Being more-or-less the same system as DH it is easy for a 40kRPG veteran to get into, but there are some interesting changes to pay attention to. Righteous Fury has been streamlined a bit, for instance. Probably the most interesting change is 'leveling up'. In previous 40kRPGs what class you were determined what skills and talents you could learn and how much they cost, in addition to the XP cost of improving attributes. In Only War there is something called the 'Aptitude' system. For instance, one might have an Aptitude in both Ballistic Skill and in, say, Offense (I'm almost certainly paraphrasing). That's two aptitudes that run along the same track, so talents and skills along the lines of Two Weapon Wielding (Ballistic) will be at their cheapest (the 100 XP track). A single aptitude gives you slightly less of a discount (the 250 track) and having none of a talent, skill, or attribute's associated Aptitudes means you'd be paying full price (the 500 xp track). A character gains Aptitudes depending upon what specialty/class they choose, with additional ones sometimes being granted by your regiment. While this certainly makes a given character specialty lean towards taking certain things it does not actually restrain them from going for the most expensive options; there are no character paths to progress by, merely a small block of 'recommended' advances. While going outside of your Aptitudes is expensive, actual prohibited advances are few to none.

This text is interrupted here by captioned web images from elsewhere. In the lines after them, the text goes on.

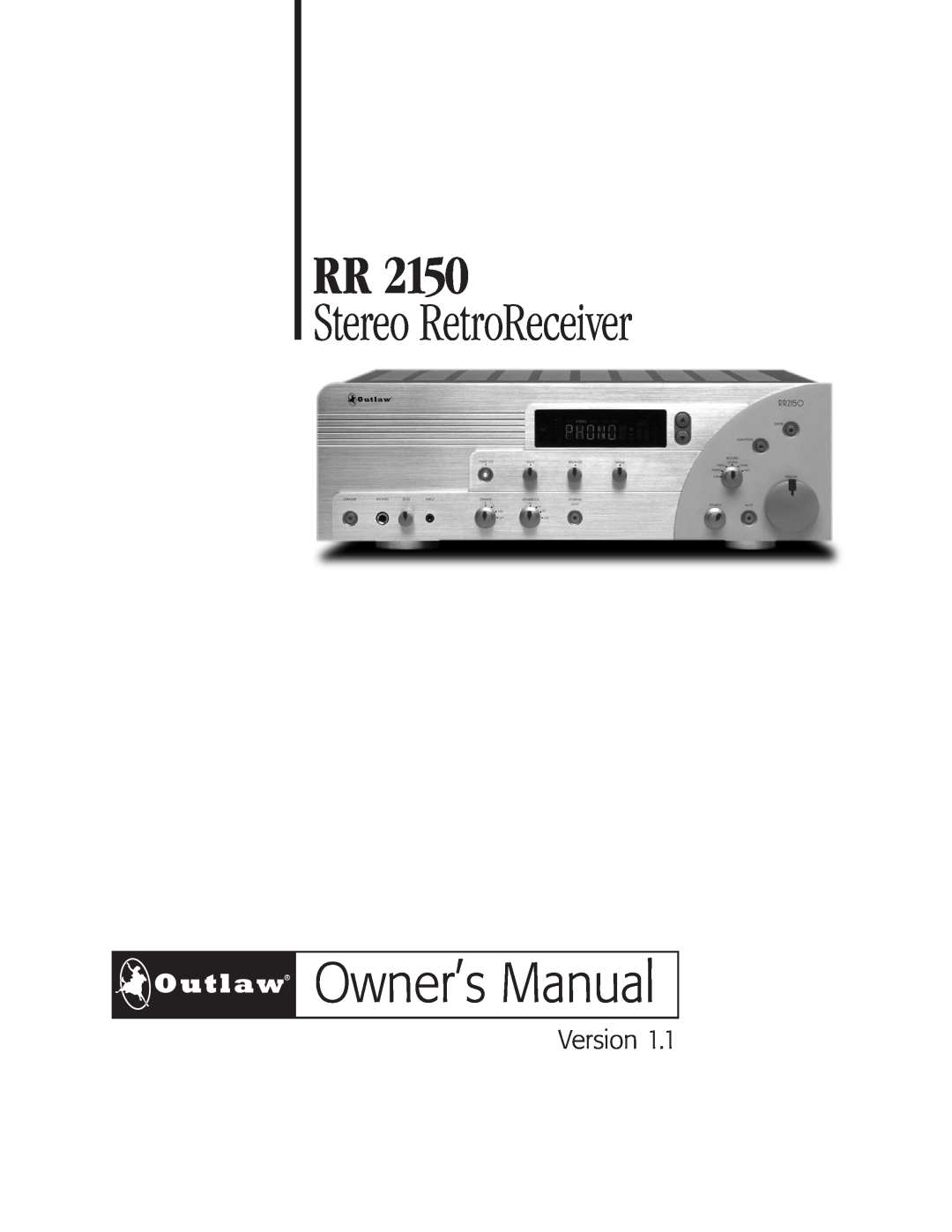 Outlaw Audio RR 2150 owner manual Stereo RetroReceiver, Version 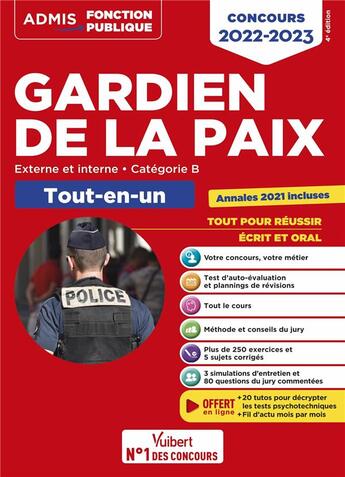 Couverture du livre « Concours gardien de la paix : categorie B ; tout-en-un ; 20 tutos offerts ; concours externe, interne et 3e concours » de Francois Lavedan aux éditions Vuibert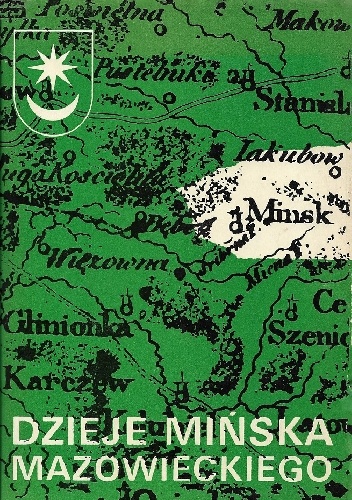 Dzieje Mińska Mazowieckiego - praca zbiorowa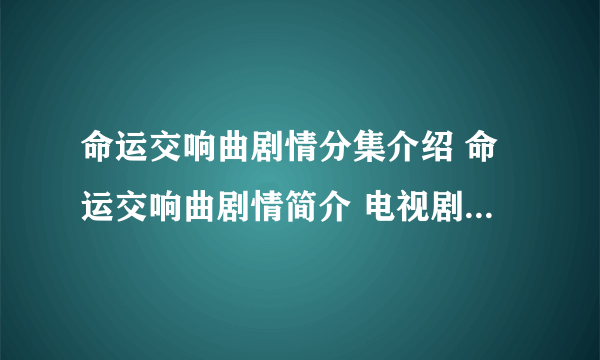 命运交响曲剧情分集介绍 命运交响曲剧情简介 电视剧命运交响曲全集剧情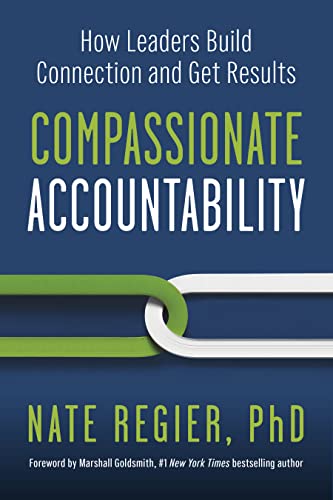 Compassionate Accountability: How Leaders Build Connection and Get Results von Berrett-Koehler Publishers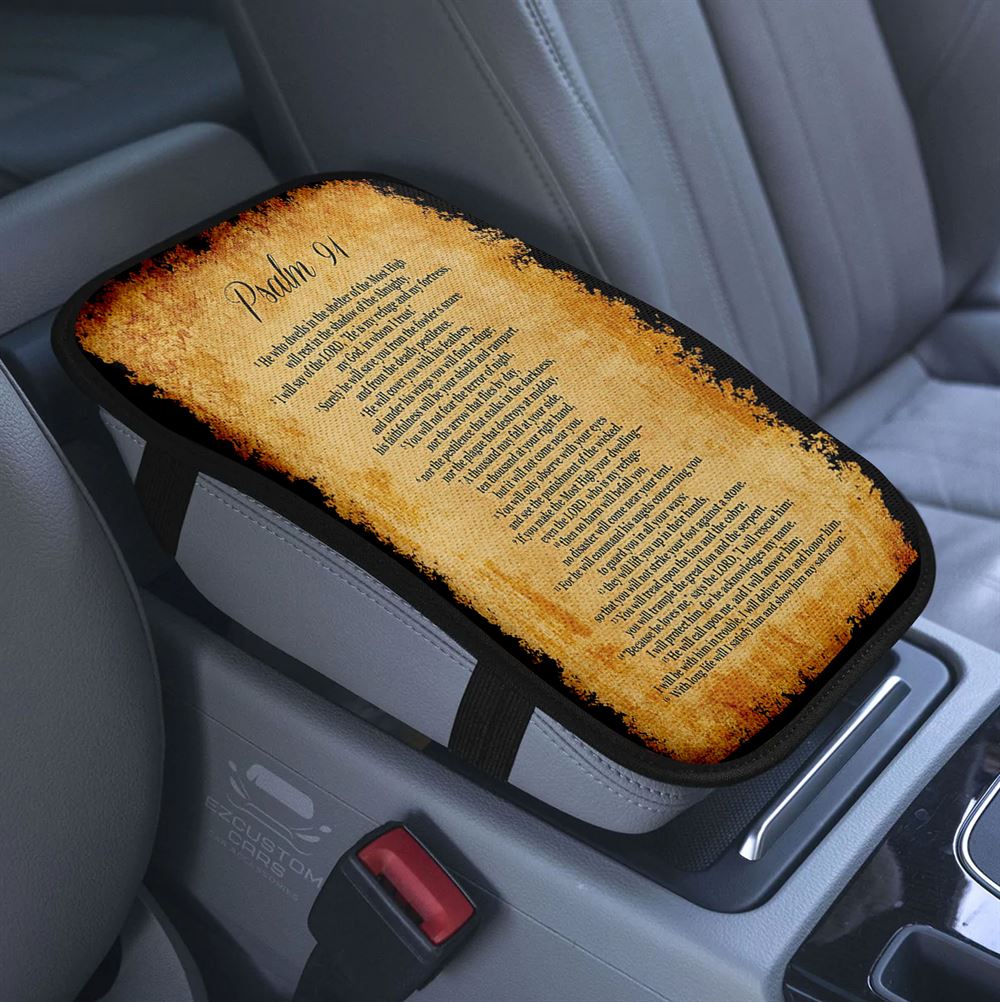 Psalm 91 He Will Call Upon Me And I Will Answer Him Car Center Console Cover, Christian Armrest Pad Cover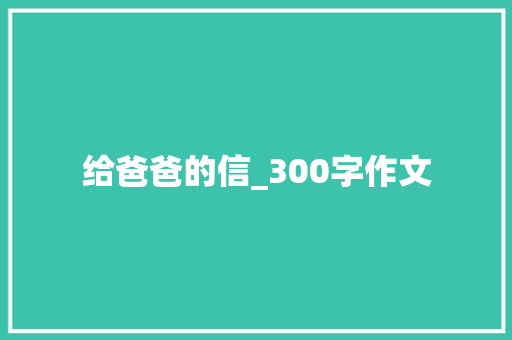 给爸爸的信_300字作文 申请书范文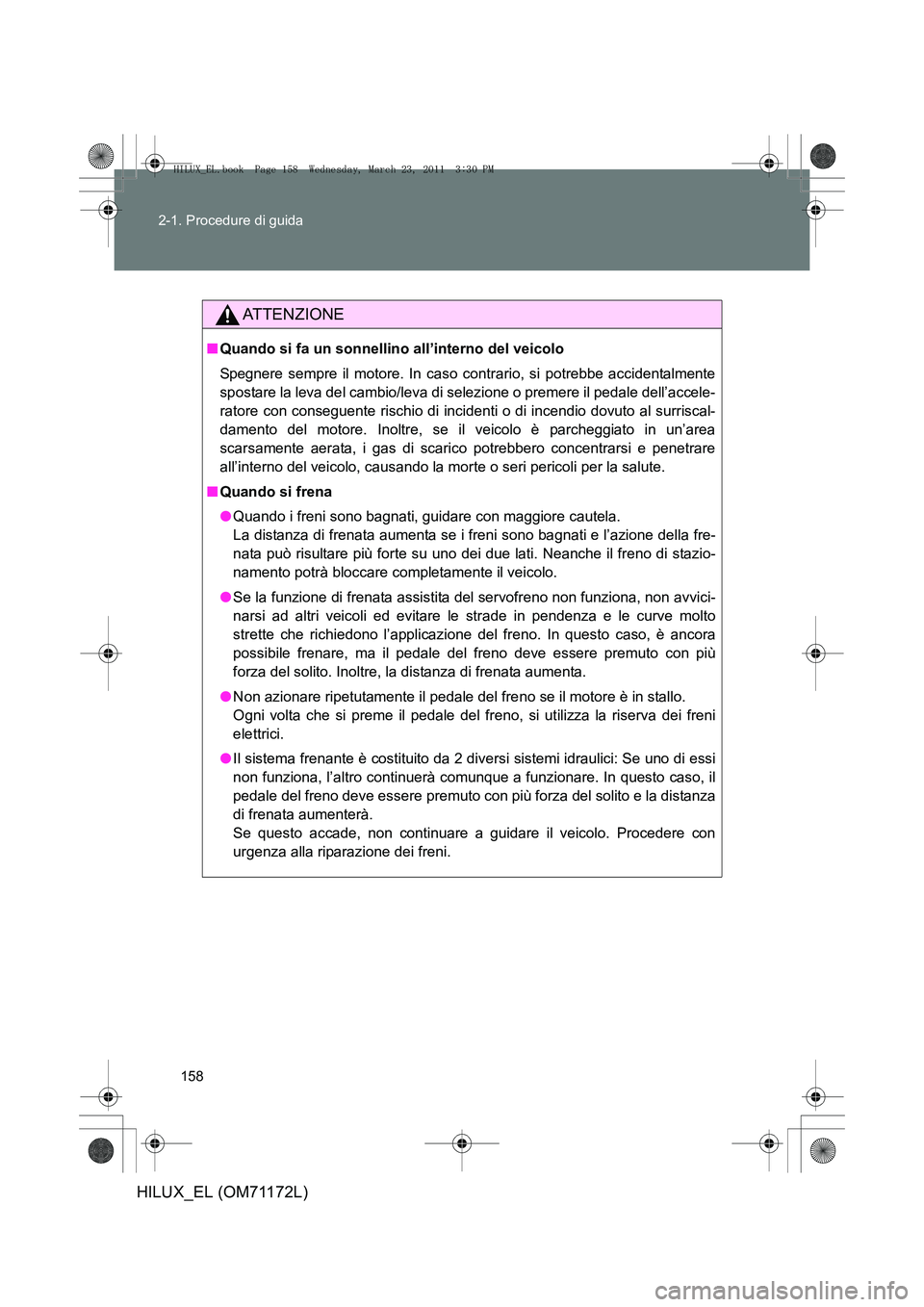 TOYOTA HILUX 2011  Manuale duso (in Italian) 158
2-1. Procedure di guida
HILUX_EL (OM71172L)
ATTENZIONE
■
Quando si fa un sonnellino all’interno del veicolo
Spegnere sempre il motore. In caso contrario, si potrebbe accidentalmente
spostare l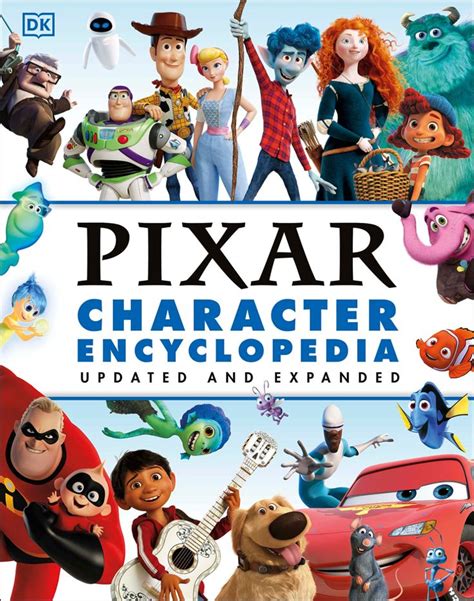 Disney Pixar Character Encyclopedia Updated and Expanded | Disney pixar characters, Pixar ...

The regimental set-up is very interesting, especially the regimental creation rules which allow the entire party to build the regiment that they come from using a point buy system. This also simplifies the character creation process, as your regiment plays a large part in determining your basic kit, a few starting talents or skills, and maybe an aptitude. Replacing a dead character is much easier, as you are handed a bunch of equipment and goodies at character creation and do not have to worry about being TOO far behind the older, surviving characters.

The Logistics set-up is interesting, in-character for the universe, and potentially hilarious (were supposed to be issued a tank, were instead issued several crates of booze, for instance).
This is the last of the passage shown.